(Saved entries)
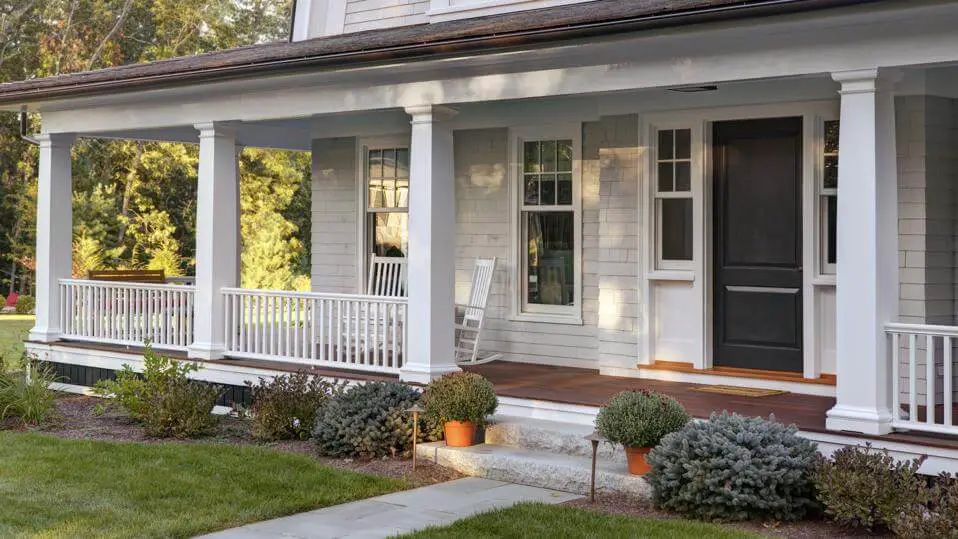 What Is the Difference Between a Porch, Deck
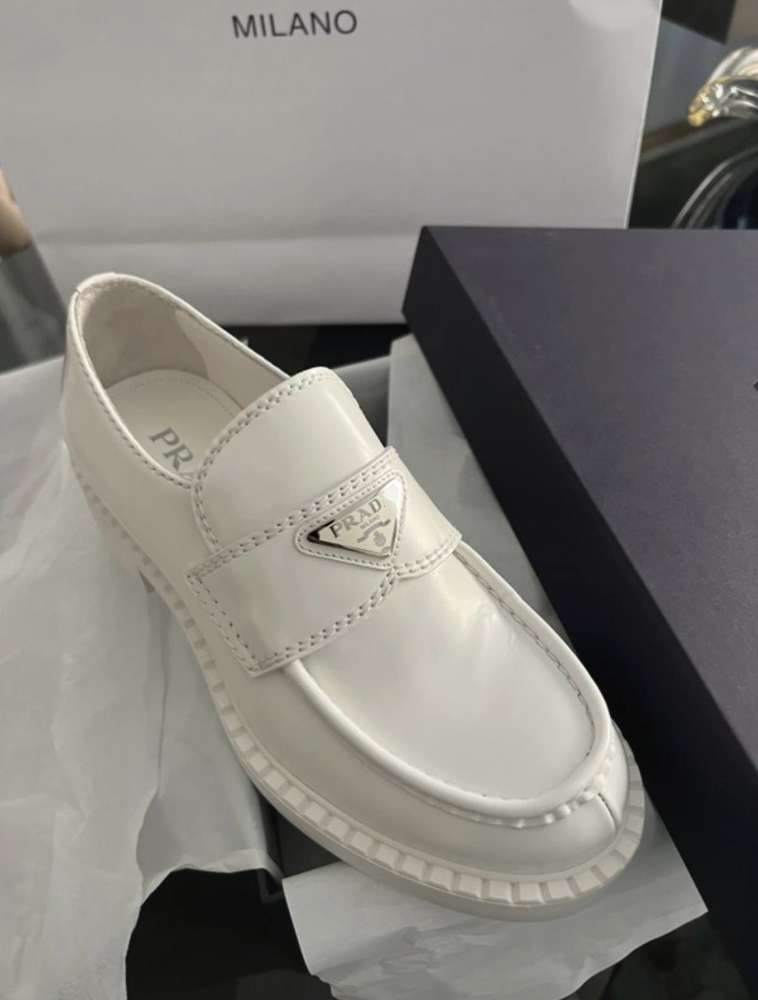 Prada mokasiny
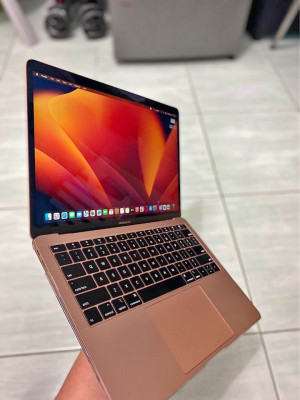 For Sale! Macbook Air 2019  Slightly used No issue  Unit and Box only   RFS: Hin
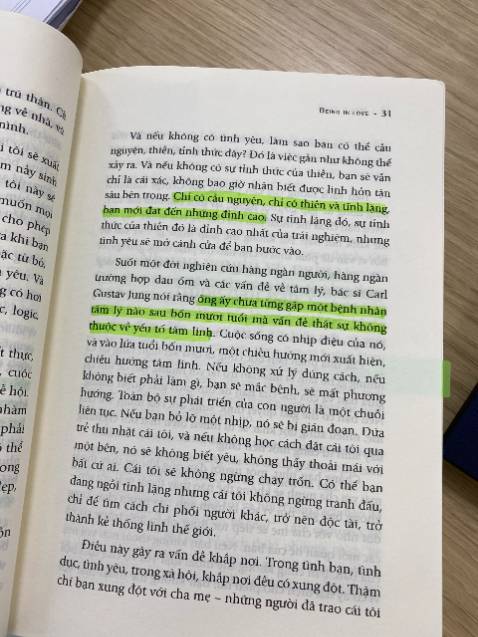 Mình từng đọc rất nhiều sách Triết học nói về Bản ngã, cái Tôi, nhưng chưa hiểu được vì sao cái tôi hình thành, và vì sao nó hình thành bên trong chúng ta. Với Yêu của Osho đã làm dc điều đó, cái tôi sinh ra từ gia đình (cụ thể là sự bao bọc yêu thương của cha mẹ làm chúng ta hình thành dần cái suy nghĩ mình là "cái rốn của vũ trụ", mình mang cái Tôi đó kè kè bên mình ra đời, áp cái Tôi vào mọi thứ trong đời sống...nên muốn gỡ bỏ cái tôi phải giải quyết từ gia đình. 

Cái tôi phải nên có để đủ dũng cảm đương đầu với xã hội, nhưng k nên đem nó đi suốt cuộc đời. Giống như vỏ của hạt mầm, thoạt đầu là bảo vệ nhưng nếu k bóc vỏ và nảy mầm thì hạt giống vẫn chỉ là hạt giống và tiêu hủy thôi. Còn bóc vỏ rồi hạt giống sẽ nảy mầm thành cây - một chu kỳ sống mới ở một hình thái xuất hiện (giống như đâu đó có ai đó đã nói Luân hồi không nhất thiết phải chết đi là vậy).

Tựa sách là Yêu nhưng nội dung rất sâu sắc, đi sâu về cái Triết lý để hoàn thiện chính mình từ những góc nhìn rất hay. Sách Osho vừa đọc vừa chiêm nghiệm thì mới hiểu được những tinh túy của người được.

Rất recommend nên đọc.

### WHAT THIS TASK INVOLVES
Make an exact copy of the records from their first line through the line containing "For Sale! Macbook", both ends included, with the pictures omitted.

### EXERCISE RESPONSE
 What Is the Difference Between a Porch, Deck
 Prada mokasiny
 For Sale! Macbook Air 2019  Slightly used No issue  Unit and Box only   RFS: Hin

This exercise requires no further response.